# vektorgrafik erstellen



## aleX Angel (23. September 2004)

Hallo,

ich habe jetzt ziemlich lange hier rum gesucht und doch nicht gefunden was ich brauche
Ich möchte bitte wissen, wie ich aus einem normalen Photo eine Vektorgrafik erstellen kann mit photoshop.

Vielen dank für eure hilfe
alex


----------



## Markus Kolletzky (23. September 2004)

Hallo,

Es gibt viele viele Tutorials darüber im Netz, aber das meiner Meinung nach
Beste findest Du hier. Ist zwar auf englisch, aber sehr gut beschrieben.
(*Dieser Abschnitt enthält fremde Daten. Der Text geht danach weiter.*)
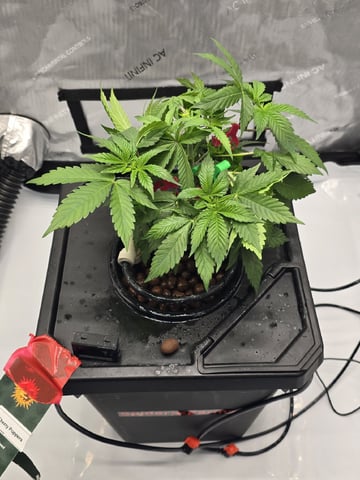 Barney's Farm - Cherry Popper — vegetative, day 31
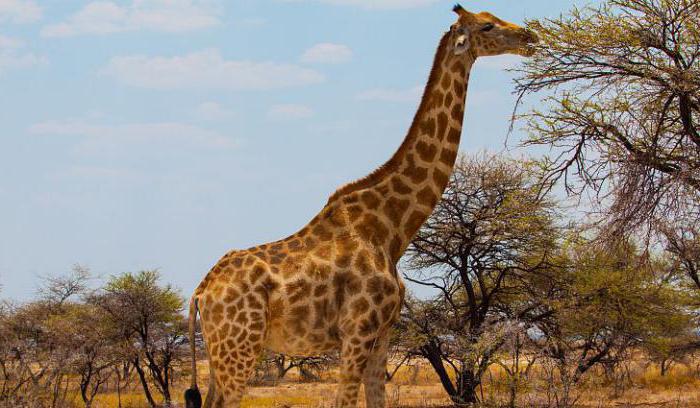 интересные факты о жирафах для детей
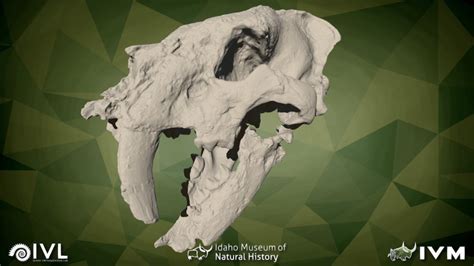Homotherium Idahoensis 3d Model By Idaho Virtualization Laboratory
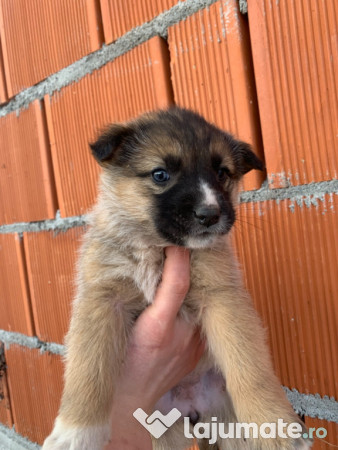 Donez căței găsiți 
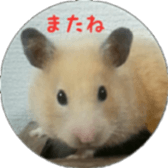 Momo of hamster sticker #14982997
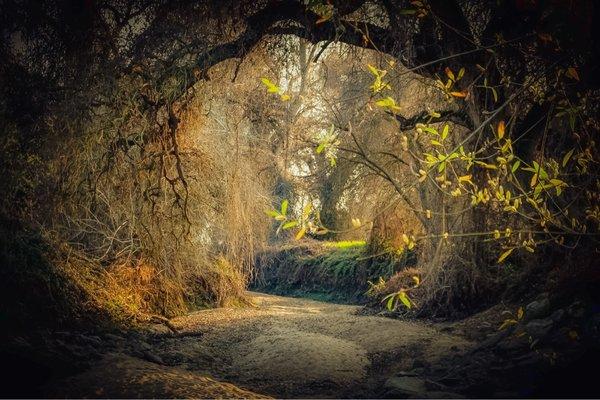 Kaweah Oaks Preserve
http://www.heathrowe.com/tuts/vector.asp

Gruss Markus


----------



## möp (23. September 2004)

Da würde mich aber interessieren, wie ich die Vektorformen auch als Vektordatei auf Photoshop rausbekomme


----------



## Markus Kolletzky (23. September 2004)

Exportieren => Pfade/ Illustrator und schon hast Du die Pfade einem 
schönen ai-Format und kannst damit in jedem beliebigem Vektorprogramm
weiterarbeiten.

Gruss


----------



## möp (23. September 2004)

Danke - gut zu wissen


----------